Each spring, the final production in Wagner College's Stage One studio theater lineup is a new program of choreography called the Dance Project. The 2011 Dance Project is an original piece called "Looking for the Remote," created by world-renowned performing artist Claire Porter, Wagner College Theatre's first artist-in-residence. "Looking for the Remote" will be staged from April 26 through May 1.
"Looking for the Remote" deals with the interaction of space and movement, the physical and the metaphysical, Porter said.
"In life," said Porter, "we're always in search of the little things - a book, a set of keys, a remote control - but we're never taught to look for the bigger, more important things like trust, patience and loyalty."
Avante garde accordionist and composer Guy Klucevsek, a Staten Islander and a 2010 recipient of a United States Artists Fellowship, has collaborated with Porter to create original music for "Looking for the Remote."

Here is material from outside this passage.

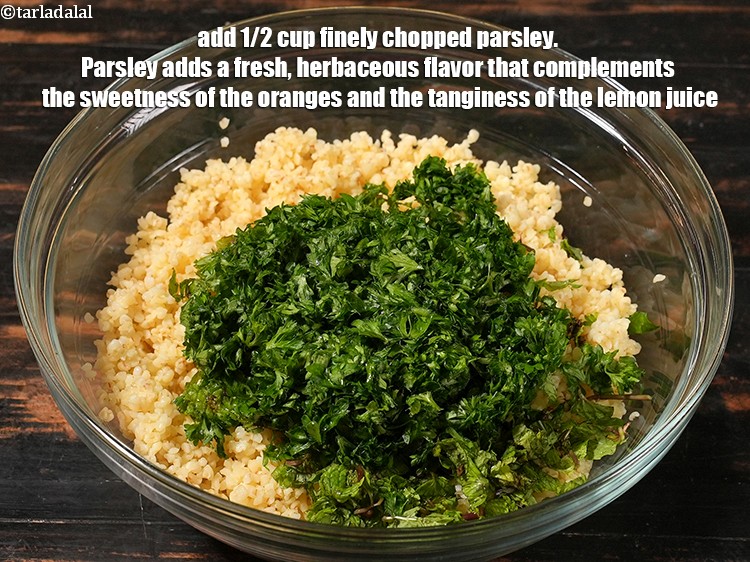 Step 19 – Add&nbsp;<meta charset="UTF-8" />1/2 cup&nbsp;finely&nbsp;<a href="glossary-chopped-parsley-793i">chopped parsley</a>.&nbsp;Parsley adds a fresh, herbaceous flavor that complements the sweetness …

Claire Porter is best known for her solo work, "Portables," a collection of solo comedic movement monologues performed individually and in concert. She has taken "Portables" around the world, leaving audiences in tears of laughter.

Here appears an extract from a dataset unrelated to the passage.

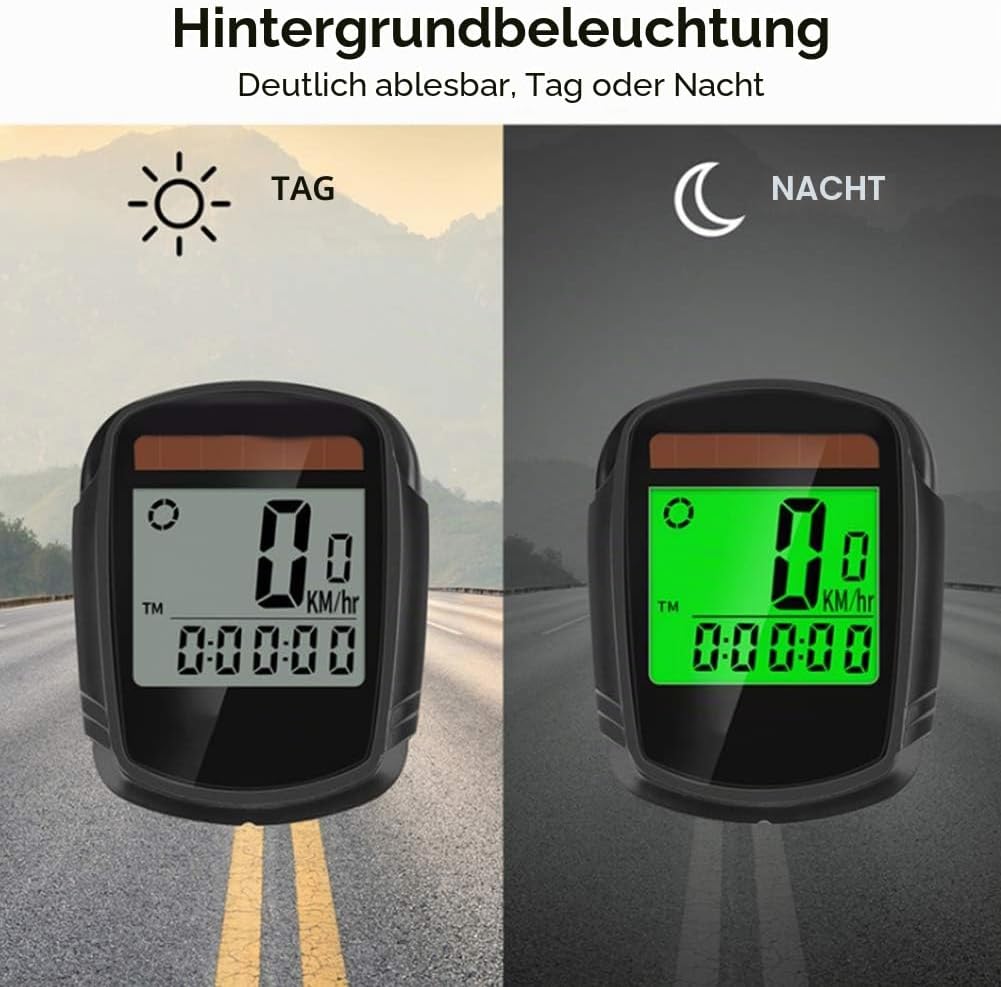 HERCHR Fahrradcomputer Mit Solarenergie, Fahrradgeschwindigkeitsmesser Und Kilometerzähler, Kabellos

Porter combines text and movement into an art form that forces audiences, critics and the theater community to question their definition of the word "dance." It is this unique approach to text and movement that places her at the forefront of contemporary theater and dance. She uses this approach to inspire her dancers at Wagner, both in the Dance Project and in the movement workshops she is hosting for faculty and students this semester.
Porter is teaching a class entitled "Text and Movement" to help students understand how deeply a text can be entwined with dance, and how the creative process can begin with movement rather than a script.